Пошел Богдан дорожкой привычной. А солнце уже к закату склонялось. Горы вставали перед ним расписные. А уж купола церковные, словно пряники, выпеченные небосводом к великому празднику, теплыми добрыми цветами горели и глаза веселили. Где-то вдалеке через огороды перекликались сельские тетки. За домами проехал мотоцикл, а когда его стрекот умолк, послышался звук вбиваемого колышка в землю – тюк-тюк молотком по шляпке. Вот и вздрогнуло все село, огласилось металлическим звоном, повеселело. Зажмурился Богдан. Открыл глаза, смахнул рукой с лица что-то и пошел по дороге вниз так спешно, словно хотелось ему поскорей унести ноги с этого места, из этого села, из этого лета. А ведь так бывает по лету – и вроде все хорошо, и вроде все звенит и щебечет, и вроде лучше уже на земле быть не может, и негоже другого добра от такого-то всепоглощающего добра искать, а все равно в сердце защемит, и хочется зимы поскорей, и холодов, и ненастий. Бывает такое, бывает. Особенно в деревнях часто такое чувство на человека находит.

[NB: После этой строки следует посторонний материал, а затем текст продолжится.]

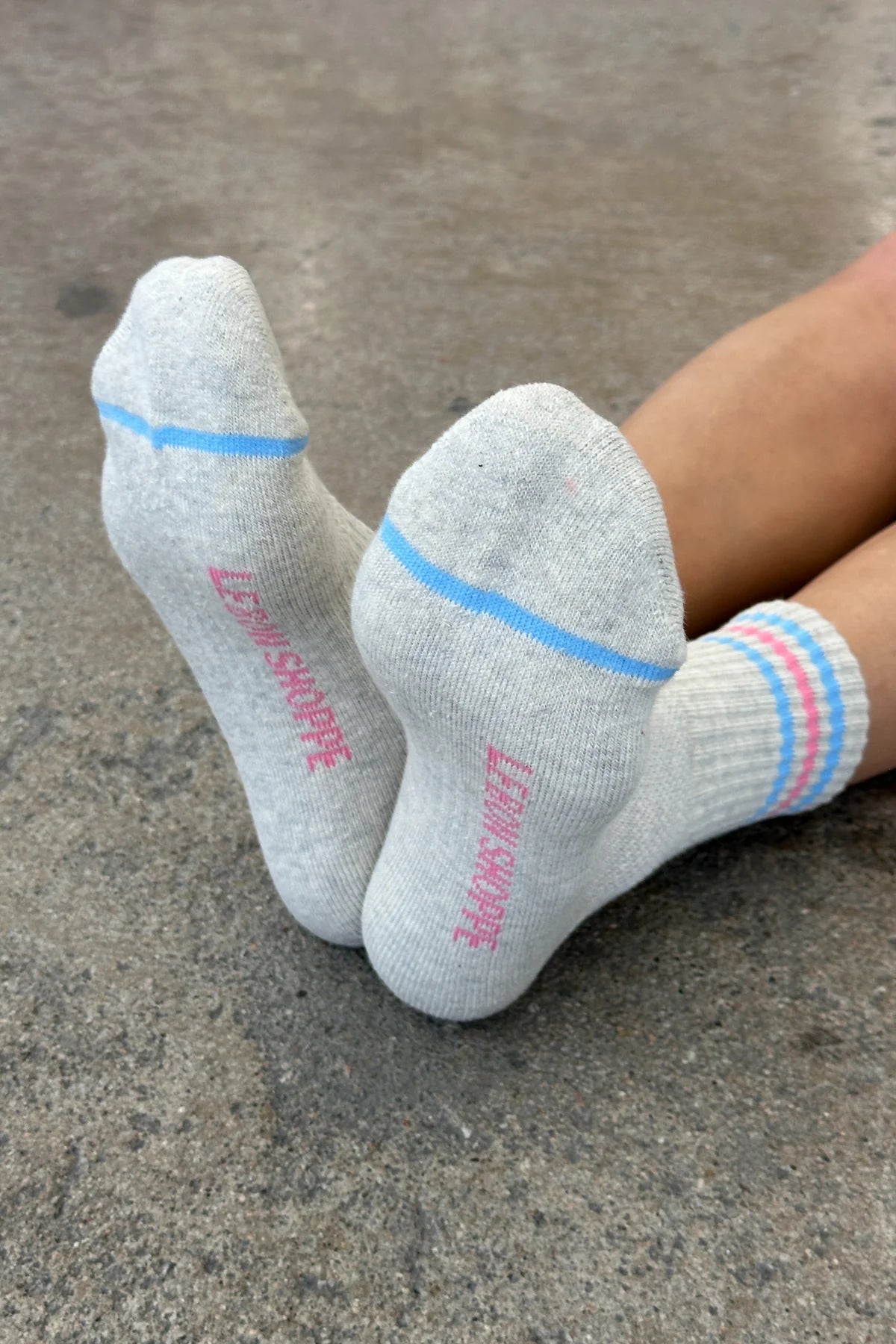 Gray socks with blue and pink accents on a concrete surface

Кукушка кукукнула и замолчала, словно кто заставил ее прихлопнуть клюв. Замелькали мимо березы, от старости сбросившие белую кору и обнажившие черный подбой. И солнечные лучи из-за ветвей сбоку били в глаза Богдана яркими вспышками. Вечерние мошки тучкой роились перед его лицом. Полетела низко птица, роняя перо, и то, вертясь медленно по воздуху, приземлилось в траву. Богдан шел вниз, вниз, быстро переставляя ноги. У магазина ему встретился Лука, который выплывал из узких дверей, весь скованный узкими плечами пиджака. Улыбка расплывалась по его широкому лицу. Но, увидев Богдана, он приостановился, улыбка сползла с его лица. Неодобрительно, а можно сказать, что и с укором, он вперился в спину Богдана, вздыхая и качая головой, словно то не человек двигался вниз под горку, а какой-то непорядок, обосновавшийся в селе.

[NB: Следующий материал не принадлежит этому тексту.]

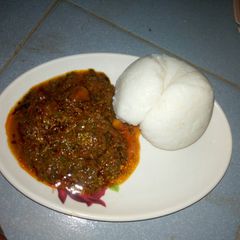 A picture of Maize swallow with egusi soup.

Дальше, дальше. Вниз, вниз. Вот уже и журчание ручья перерезало горло вечерней тишине. Задрал голову Богдан. А с гор-то хорошо различимая темнота на село наползала. И каждое дерево, сливавшееся в единый ковер, словно выталкивало ее из-под своих корней и гнало вниз. И показалось Богдану, что он эту темноту ногами подхватил и понес вниз по селу. А если б не его быстрый ход, может, не скоро бы она еще сюда доползла. Остановился он – в том самом месте, где под ногами его тек ручей. Вот и купола погасли, словно кто-то выключил внутри них подсветку. Птицы примолкли, словно и их клювы, вслед за кукушечьим, заткнули комки темноты – пока невидимой, но готовой вскорости поглотить все вокруг. Вперился Богдан глазами в ручей. А его перерезала та самая дорожка, что отсюда на кладбище вела. Вон и крест, увитый розами, отсюда хорошо виднелся. А ручей не поддался – ручей под землей потек, чтобы, миновав дорогу, снова выйти наружу. Такова она – сила воды.